*WORK INSTRUCTIONS*
Search the records below for "Decor & More". Return that line and all remaining lines exactly.

*ENTRIES SHOWN*

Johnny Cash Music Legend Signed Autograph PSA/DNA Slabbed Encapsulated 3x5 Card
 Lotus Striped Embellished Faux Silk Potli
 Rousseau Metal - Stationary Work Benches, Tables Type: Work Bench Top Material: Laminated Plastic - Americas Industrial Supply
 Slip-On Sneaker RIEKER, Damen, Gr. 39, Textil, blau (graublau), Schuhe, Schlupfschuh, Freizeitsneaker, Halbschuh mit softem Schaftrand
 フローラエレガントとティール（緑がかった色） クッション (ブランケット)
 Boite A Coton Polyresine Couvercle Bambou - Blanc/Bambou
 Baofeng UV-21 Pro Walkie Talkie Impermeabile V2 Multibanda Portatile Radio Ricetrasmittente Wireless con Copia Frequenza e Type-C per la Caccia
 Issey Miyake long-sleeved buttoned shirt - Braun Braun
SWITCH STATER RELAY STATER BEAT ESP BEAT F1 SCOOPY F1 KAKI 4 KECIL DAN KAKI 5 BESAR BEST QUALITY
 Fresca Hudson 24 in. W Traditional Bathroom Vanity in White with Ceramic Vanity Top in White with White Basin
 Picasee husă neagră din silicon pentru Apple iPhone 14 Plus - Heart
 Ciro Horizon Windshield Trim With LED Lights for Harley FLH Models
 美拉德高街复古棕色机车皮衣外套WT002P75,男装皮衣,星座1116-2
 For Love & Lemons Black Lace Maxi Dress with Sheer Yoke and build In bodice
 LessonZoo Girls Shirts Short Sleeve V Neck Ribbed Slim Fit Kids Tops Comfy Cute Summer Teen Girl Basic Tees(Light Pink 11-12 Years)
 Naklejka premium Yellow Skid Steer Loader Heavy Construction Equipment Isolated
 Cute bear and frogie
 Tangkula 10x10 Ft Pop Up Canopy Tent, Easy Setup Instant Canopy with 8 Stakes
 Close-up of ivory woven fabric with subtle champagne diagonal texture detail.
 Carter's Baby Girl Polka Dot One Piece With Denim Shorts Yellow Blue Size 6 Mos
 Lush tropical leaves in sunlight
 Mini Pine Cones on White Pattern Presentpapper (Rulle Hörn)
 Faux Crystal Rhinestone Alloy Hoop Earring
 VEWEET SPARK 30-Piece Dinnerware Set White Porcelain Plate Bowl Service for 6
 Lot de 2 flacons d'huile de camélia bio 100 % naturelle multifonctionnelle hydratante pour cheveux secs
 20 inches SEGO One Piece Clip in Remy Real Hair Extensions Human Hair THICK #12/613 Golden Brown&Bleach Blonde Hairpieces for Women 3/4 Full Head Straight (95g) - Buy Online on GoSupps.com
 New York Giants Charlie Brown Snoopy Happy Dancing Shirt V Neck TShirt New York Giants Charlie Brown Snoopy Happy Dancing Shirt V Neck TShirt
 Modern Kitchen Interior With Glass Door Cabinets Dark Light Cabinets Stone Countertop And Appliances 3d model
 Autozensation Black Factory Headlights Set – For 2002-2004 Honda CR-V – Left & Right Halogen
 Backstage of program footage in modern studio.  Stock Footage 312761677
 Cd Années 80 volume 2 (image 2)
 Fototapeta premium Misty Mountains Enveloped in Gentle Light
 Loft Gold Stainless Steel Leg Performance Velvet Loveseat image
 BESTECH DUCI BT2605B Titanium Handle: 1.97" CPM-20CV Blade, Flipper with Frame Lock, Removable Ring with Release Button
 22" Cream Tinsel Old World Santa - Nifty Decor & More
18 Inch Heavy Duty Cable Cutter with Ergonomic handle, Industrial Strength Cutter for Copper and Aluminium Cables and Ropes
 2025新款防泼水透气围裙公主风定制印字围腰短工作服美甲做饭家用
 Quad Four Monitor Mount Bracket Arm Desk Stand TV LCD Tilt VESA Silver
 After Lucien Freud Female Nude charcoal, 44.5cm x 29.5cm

*SOLVED EXERCISE*
 22" Cream Tinsel Old World Santa - Nifty Decor & More
18 Inch Heavy Duty Cable Cutter with Ergonomic handle, Industrial Strength Cutter for Copper and Aluminium Cables and Ropes
 2025新款防泼水透气围裙公主风定制印字围腰短工作服美甲做饭家用
 Quad Four Monitor Mount Bracket Arm Desk Stand TV LCD Tilt VESA Silver
 After Lucien Freud Female Nude charcoal, 44.5cm x 29.5cm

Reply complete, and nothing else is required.